Ciertos privilegios del extranjero, en cuanto a evitar el servicio de la frontera, por ejemplo, desataron cada tanto furiosas protestas. Algunas pintorescas, como la matanza de carneros de raza fina en los campos de la laguna de Kaquel (Maipú) el grito de "mueran los extranjeros sarnosos", que tuvo lugar hacia 1845, en pleno conflicto con Francia e Inglaterra. Más graves fueron "los crímenes de Tata Dios", en Tandil, donde un curandero carismático, empeñado en vengarse de los extranjeros, convocó al gauchaje y asesinó a una veintena de colonos vascos, italianos e ingleses. Este hecho brutal ocurrido en 1872, que causó pánico entre los criadores de ovejas de la pampa bonaerense, no pasó de ser un brote aislado, como lo fueron las montoneras contra "gringos y masones", en Tucumán, durante una epidemia de cólera, años más tarde, o la represión del levantamiento de los colonos santafecinos, en 1893. Se inscriben en el listado la xenofobia de los "niños bien" de Buenos Aires en la represión de las huelgas y protestas sociales en pleno festejo del Centenario, agravada en la Semana Trágica de 1919, contra judíos y catalanes.

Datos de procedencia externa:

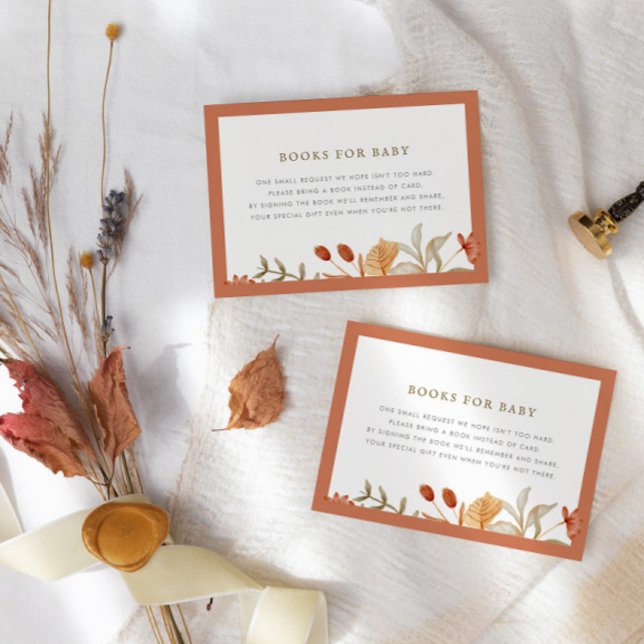 Höstens botaniska nyckfullhet Höst Baby Shower Tilläggskort (An adorable fall-themed books for baby enclosure card!)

En las últimas décadas del siglo XIX y primeras del XX, el problema en cuestión, la forma de incorporar al extranjero, se encuentra presente en las sesiones de las cámaras en las que se debatió el derecho de los colonos a tener sus propias instituciones educativas y se alertó contra la pretensión del gobierno de Italia de ejercer una acción directa sobre "las colonias espontáneas del Río de la Plata". De esos debates, en los que intervinieron, entre otros, Sarmiento, Lucio V. López, Miguel Cané, Estanislao Zeballos, Indalecio Gómez, Joaquín V. González y Roque Sáenz Peña, provienen las leyes de educación común, de matrimonio civil, de educación patriótica y finalmente del voto popular. También, y con carácter de excepción, la de residencia, que autorizó la deportación de los extranjeros catalogados como peligrosos para la estabilidad social, es decir, los dirigentes sindicales venidos de Europa.
En la literatura de la época, en la nostalgia del criollismo, en la revalorización de la herencia hispánica, así como en los sainetes costumbristas, se advierte por una parte el miedo a que la inmigración llegue a modificar las raíces de la sociedad argentina y por otra el avance inexorable del mestizaje.
Como señaló Tulio Halperin, en "Para qué la inmigración", los motivos xenófobos invocados libremente para reprimir la protesta social no se tradujeron en ninguna modificación de la política inmigratoria. Se necesitaban brazos para trabajar la tierra y emprendedores para poner en valor la riqueza del país. Por eso siguieron llegando, hasta ahora.
Nadie emigra para vivir peor. La obstinación de tantos cubanos por abandonar la isla revela en forma elocuente el fracaso del castrismo. En la Argentina, si los vecinos vienen es porque nuestra economía les ofrece mejores oportunidades y porque nuestro sistema de educación es más generoso, a pesar de sus falencias. Pensar formas de organizar el acceso a la universidad gratuita y de controlar que no ingresen delincuentes es una opción posible. Generar odios con un discurso que busque el chivo emisario en el recién venido puede provocar daños irreparables y hacernos marchar a contramano de nuestra historia.